No hay nada más inquietante que la forma en que la guerra transforma la vida en estadísticas. Gaza aparece cada día en los titulares, pero el lenguaje se vuelve mecánico: tantos muertos, tantos desplazados, tantos heridos. La repetición de cifras genera un efecto perverso: el de la normalización del horror.
Mientras los discursos oficiales discuten legitimidades y soberanías, lo que ocurre en el terreno es la demolición de lo cotidiano. Familias que se fragmentan, niñas y niños que crecen bajo sirenas, jóvenes que no pueden proyectar un futuro porque apenas sobreviven a un presente interrumpido. Y el mundo, aunque conmocionado, observa con distancia, como si se tratara de un tablero ajeno.
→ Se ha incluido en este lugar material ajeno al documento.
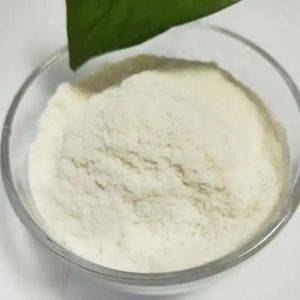 Hiệu suất cao hydroxypropyl Methyl <span class=keywords><strong>Cellulose</strong></span> để tối ưu hóa khả năng làm việc và đặc tính dòng chảy trong vật liệu xây dựng - Product Image 4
En América del Sur, y en particular en Argentina, solemos ver estos conflictos bélicos como algo lejano, casi ajeno a nuestra experiencia. Nuestra historia reciente incluye dictaduras, crisis económicas y deudas sociales profundas, pero muy pocas veces una guerra vivida en nuestro territorio. Esa distancia nos lleva a veces a mirar lo que sucede en Gaza como si fuese una película que no atraviesa nuestra vida cotidiana. Y sin embargo, aunque parezca distante, habla de lo mismo que nos debería importar siempre: la dignidad humana, el derecho a la vida y a un futuro sin miedo.
En ese contexto, la voz de Greta Thunberg, tras ser deportada junto a otras personas que intentaban llevar ayuda humanitaria, resuena como advertencia:
“Estamos viendo un genocidio ante nuestros ojos. Un genocidio retransmitido en directo en nuestros teléfonos. Nadie puede decir que no sabíamos lo que estaba pasando.”
A esa mirada se suma la reflexión de Ada Colau, también parte de la flotilla humanitaria, quien al regresar a Barcelona expresó:
“Nos han maltratado, pero no es nada comparado con lo que sufre el pueblo palestino.”
Una columna no puede resolver un conflicto histórico ni definir responsabilidades geopolíticas, pero sí puede recordar la urgencia de no deshumanizar. Cada cifra que leemos encierra un nombre propio, una historia particular, un dolor colectivo. Y es allí donde radica nuestra obligación: resistir a la tentación de la indiferencia.
Tal vez el mayor desafío frente a Gaza no sea solo detener el fuego —tarea de la diplomacia y la política—, sino también detener el olvido. Porque olvidar, aceptar las cifras sin rostro, también es una forma de violencia.